Now this may well be wholly unfair on Master Shawcross. And let's say that it is; let's insist that he is the exception to the rule. Let's just work on the basis of both Sunderland and Norwich chasing someone of Shawcross' ilk; let's deal in stereo-types.
Because the simple fact of the matter is that if you are a 19-year-old Manchester United youngster born, bred and presumeably living in leafy Cheshire, you can pretty much bet your bottom dollar that you will be part of a very glitzy 'set'.
That your life will be straight out of the pages of 'Hello!'; that you will knock about with the cast of Hollyoaks; that your latest Mrs may very well have featured on the cover of FHM; that you do get tickets to a party at Rio's new place; that you get to Wayne's house-warming.
That's what Keane is railing against; what he sees as the corroding of this samurai-like code of conduct that underpins a true professional's calling; Keane lives to a warrior creed; Grant shares much of it – until one becomes the manager of Manchester United, the other the boss of Celtic, both are going to be fighting against this generational and geographical tide.
Which is why, for example, bringing both Jamie Cureton and Darel Russell back to the fold this summer is a cute, cute move – having been here before, they both get 'it'. For Russell, it is also within striking distance of London – he knows how little time it can take on a good run down the M11.
The problem comes – as Keane is now discovering – when you look to go the next step up recruitment-wise. To get a Shawcross in on loan. Or, for example, to persuade Mr and, presumeably, Mrs Nugent that Wearside is the place for them.
Michael Chopra was the Cureton option; bring the local boy home.
Quite where this all ends is anyone's guess.
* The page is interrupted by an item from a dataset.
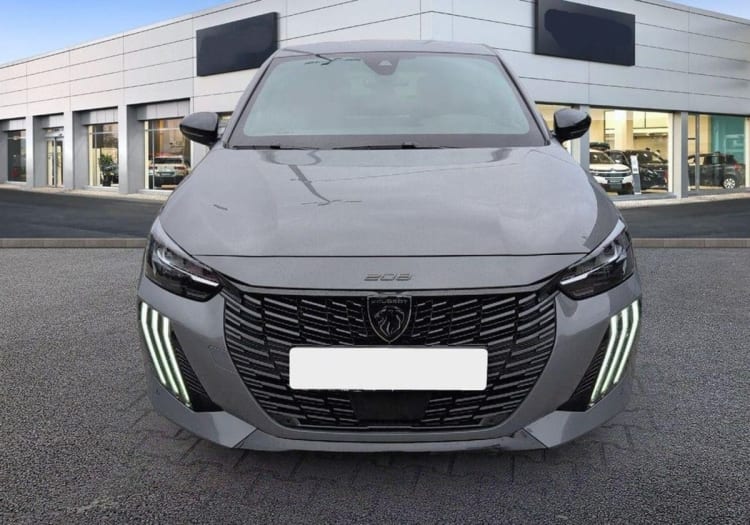 Peugeot 208 208 1.2 mHEV GT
It is, you strongly sense, in neither man's DNA to make up for any perceived shopping shortfall by making the player's weekly wage packet bulge that little bit further; nor are the two respective cities about to offer the kind of 'Hello!' exposure that all-too many a player's wife or girlfriend might now both crave and demand.
Jimmy Smith might be the straw we all have to cling to. If you can still find a 20-year-old Londoner who 'gets' what sort of opportunity Norwich are offering him; of what benefit a four-month tour of duty in Norfolk could be to his footballing education, then there might – just – be hope.
In fairness, in his short spell here he didn't come across at all David Bentley.
Otherwise, the answer has to lie closer to home – at the feet of, say, a Chrissy Martin.
That rather than looking to the boutiques and bars of Cheshire for a young man of genuine Premiership class, you trust that in the market places of Beccles and Fakenham lies part of your answer.
Whether or not, even then, the Martins of this world will display the same kind of footballer-warrior creed evident in both Messrs Keane and Grant is another matter.
Between them, the Hello-style fame that accompanies a young footballer's fortune have the ability to corrupt the very best of hearts – and break those with a simple and straight-forward love of the game.